Of course, you'll need a desk and space for a desktop so it might all be moot
Does this seem like a good recommendation? Sounds like it beats the Razer Blade and the Blade Stealth with Core, as well as the MSI GS36VR.
Performance wise it's great. I'm not a gamer but as an engineer and a side hobby of photography, i need the graphics power to run CAD software and Adobe Lightroom/Photoshop. Also need the computing power to do programming. Laptop never really gave me problems on those fronts, and can handle running CAD duplicated on a TV. Perhaps not the most intensive usage of the laptop's capabilities, but i'm confident it will run higher loads perfectly fine.
Aside from screen and performance etc, i think keyboard, trackpad, wifi module, and other small things are important considerations. Razer has great build quality and i feel that the small details are worth the premium.
Oh yea, i use the 1080 non-touchscreen version because it's cheaper and supposedly has better colour accuracy than the touchscreen version. I came from using a 3K screen (HP x360 Spectre) and haven't missed the higher resolution. To me, not much of a difference in resolution, but a big difference in colour representation.
The fan outlets are on the underside of the laptop though. For this reason, there are two long and thick rubber strips running the length of the laptop on the bottom to prop the laptop up. However, when i'm at home, i prop it up further with laptop cooling balls or whatever they're called. Not sure if it really helps much, but just gives me a peace of mind.

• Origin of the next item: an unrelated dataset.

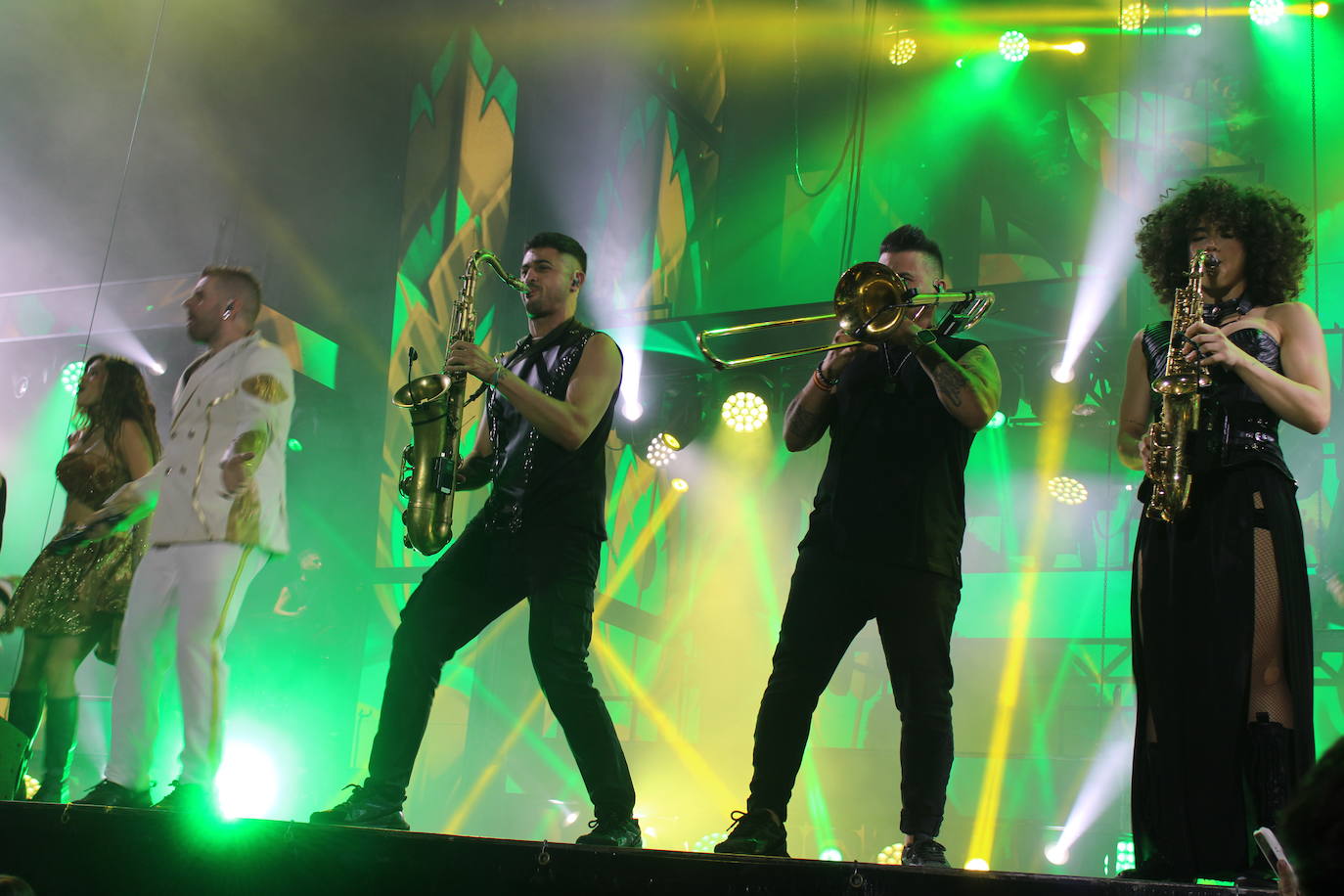 Panorama llena de nuevo en Guijuelo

Easily enough for OS, apps and documents. I actually keep my word documents on it for no reason other than they're tiny - probably bad management on my part, but it's fast! I keep my games (all two of them!) on the hdd.
And it's less nickable - our flat was burgled in the first year despite automatic locks on the doors (some housemates were regularly locked out) and my shed in the second or third year (also locked) was smashed open for a bike. Students make for a common target, even if it is still very unlucky to be targeted. A desktop is just far less likely to be stolen because it's a pain in the arse.
Obviously laptops are more portable now, but I really wouldn't want to carry around something so expensive where it could be accidentally left on a bus (it does happen), dropped or stolen. A small netbook type jobby is super cheap, longer battery life and way more portable while allowing productivity. Back up the documents to Google drive for instant backup and access on the more powerful computer back home.
All imo and such. There is the logistical challenge of where it goes and how to get it there, of course. But it's definitely worthy of consideration.
But you do have think hard about what you need.
I built a PC 3 years go (i7 4770S) but cheapes out on the Motherboard which doesn't have enough USB slots so have to have extenders/Hubs.